UAV-aided Wireless Mesh Networks can provide Internet access for Remote NZ Communities
Have you ever wondered if your device will finally get coverage wherever you are?
Well, ask no more because Wanqing Tu of Auckland University is bringing the future of connectivity to us right now through the use of Wireless Mesh Networks (WMNs) and Unmanned Aerial Vehicles (UAVs). The project aims to bring Internet access to rural communities that are low cost and reliable.
What are Wireless Mesh Networks?
Wireless Mesh Networks are being tested around the world to help connect rural communities to the Internet, giving them access to the digital services that are becoming more prominent in daily life. The tools for WMNs are mounted on rooftops and have coverages that can expand to include communities of various sizes.

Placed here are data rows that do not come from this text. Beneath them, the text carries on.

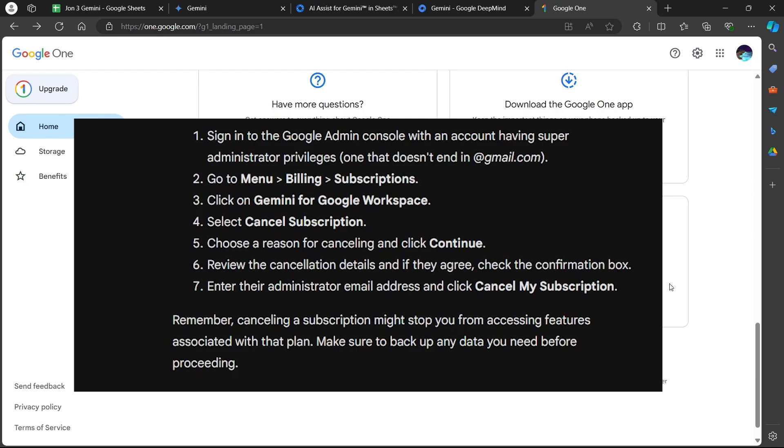Review the cancellation details and if they agree, check the confirmation box. Enter the administrator email address and click cancel my subscription.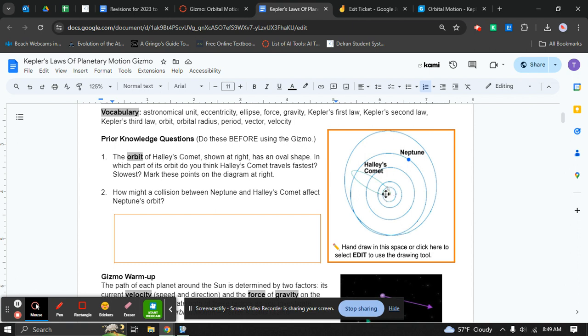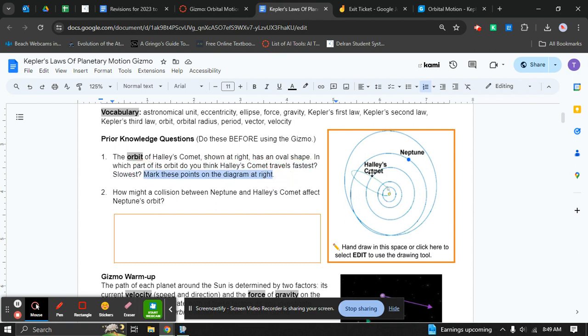You can see Halley's Comet. It's marked as a white dot right there. It wants you to think about where is it going the fastest? Is it over here or is it over here? And you have to mark this on the actual diagram. So take your pen out and write it. Where is it going fastest? Where is it going slowest?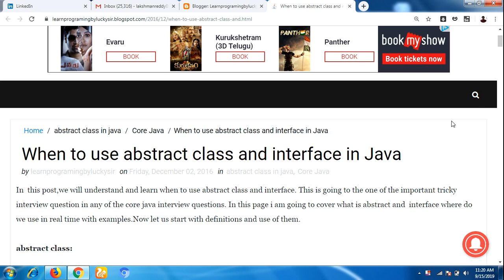Hello everyone, this is Lakshman, welcome back to our YouTube channel. In this video I am going to talk about one of the frequently asked interview questions: when to use abstract class and when to use interface in Java. This is a very tough question for freshers, so please watch this video until the end and you will clearly understand when to use abstract class and interface in Java.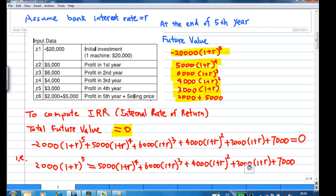Therefore, the future value of this $6,000 will be $6,000 times (1 + r) to the power of 3. Continuing this process, we know that the future value of $4,000 will be $4,000 times (1 + r) squared. For the income of $3,000, the future value is $3,000 times (1 + r). For the fifth year, you receive $7,000 altogether. To compute the internal rate of return, the total future value has to be equal to 0. That means: −20,000(1+r)^5 + 5,000(1+r)^4 + 6,000(1+r)^3 + 4,000(1+r)^2 + 3,000(1+r) + 7,000 = 0.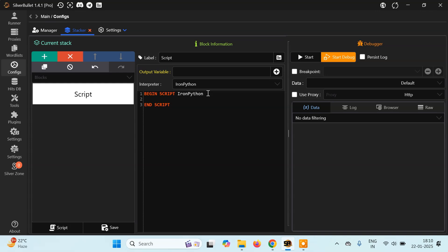There's a format you have to follow. First you have to create a function — in Python you use the 'def' keyword, then the function name. Let's say I'll create a function called 'sum_of_n_terms'. It will take a number n and find the sum of all integers from 0 up to n. We'll write a simple logic: start with total equals 0.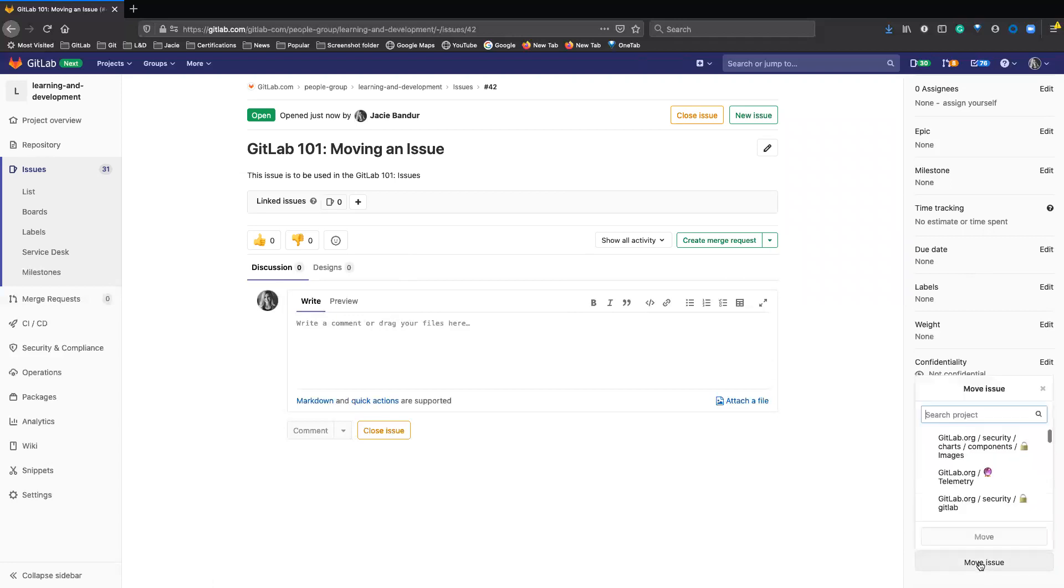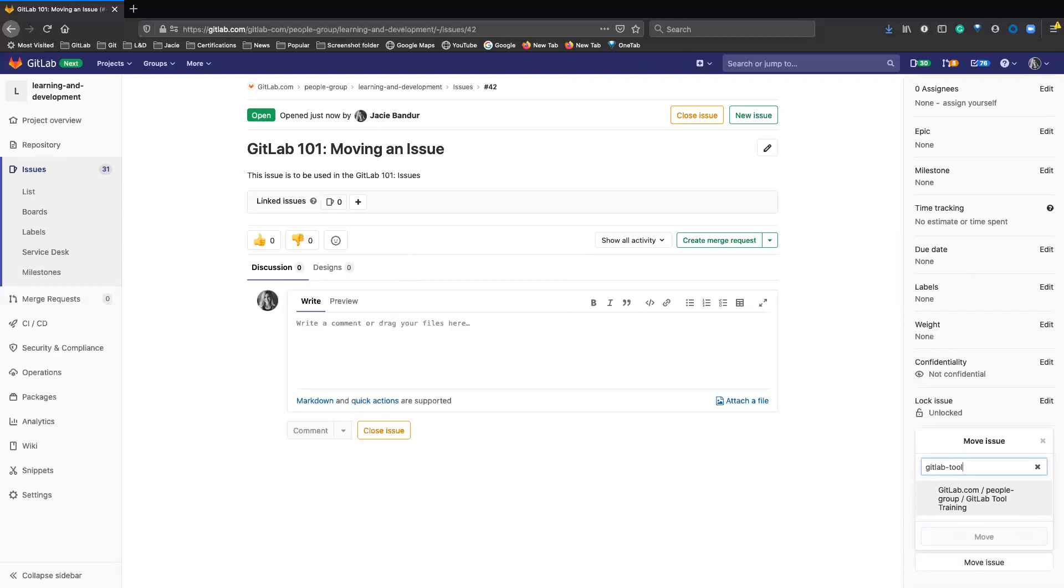If you click on it, you can search for the project you want to move it to. You can see I started typing and it will bring up suggestions. The one I want to move it to is this GitLab tool training project.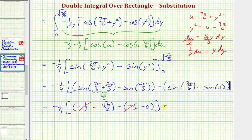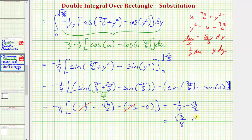So we're left with negative one fourth times negative square root of three divided by two, which gives an exact value of positive square root of three divided by eight, whereas a decimal approximation is approximately 0.2165. I hope you found this helpful. Thank you.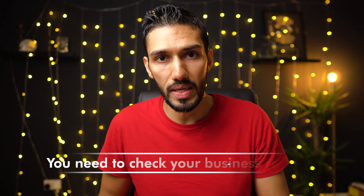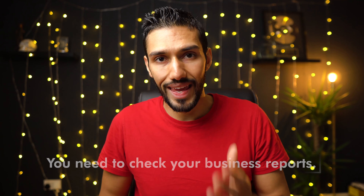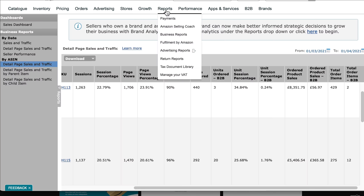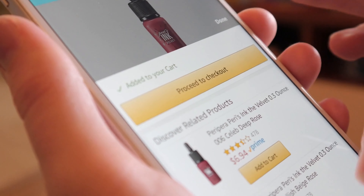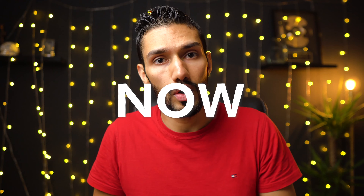Before we discuss that, the first thing you need to do is check your business reports. You'll want to get the data from when you first launched your product to now, so that you can actually see how many page views there's been for your product, how many products people have ordered, and your unit session percentage, which is your conversion rate for your listing. If you're using any other type of promotions, for example PPC, you'll need those reports as well — data from the very first day you launched up until now. We need that data first to make informed decisions.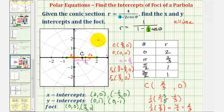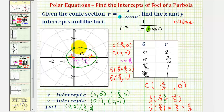Which means our ellipse would look something like this, based upon our polar equation.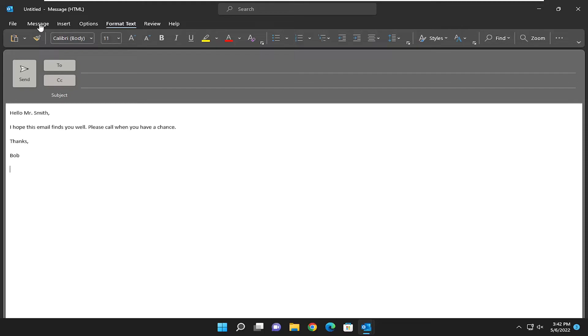This will hopefully be a pretty straightforward process. Without further ado, let's go ahead and jump into it. All you have to do is select the Format Text tab in the email that you are working in.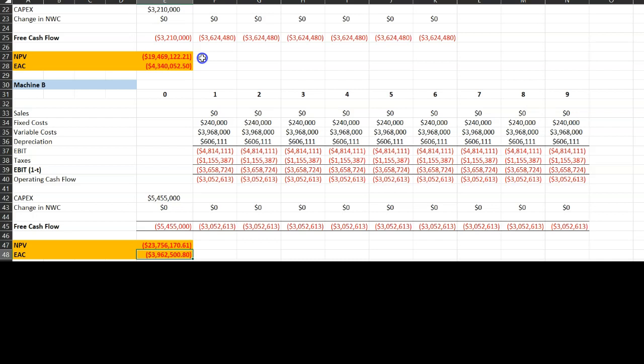If the machines were one-time purchases with no replacement, you'd simply choose whichever has a less negative NPV — and in that case machine A would be the better choice. But when you're replacing machines after their useful lives, you must calculate equivalent annual cost, because that method corrects for the fact that both machines have unequal lives.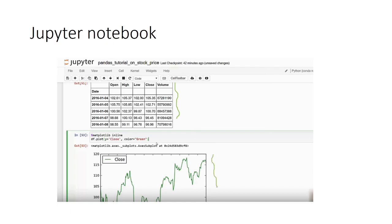We will use Jupyter Notebook in this course and check all the features that Jupyter Notebook has.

However, the main challenge here is that the New Zealand terrain can often be difficult–not just for people to navigate, but for wireless signals. This is where the UAVs play their role. Specific models of UAV with extended flying capability will be utilised to enhance the connectivity and data transmissions of ground WMNs.
What’s being done?
UAV-aided WMNs will support remote communities to advance local business (e.g. tourism, farming). The research will also allow remote residences the same access to social activities (e.g. education, healthcare) as their urban cousins, which is particularly important during critical situations, like an outbreak such as Coronavirus.
To enable Internet access for all New Zealanders will undoubtedly benefit our digital economy. This also helps Digital Inclusion, and is a huge step forward for those communities that have trouble connecting to global networks. The proposed low cost of entry is also another factor that will help close the digital divide by allowing network access for families from all backgrounds.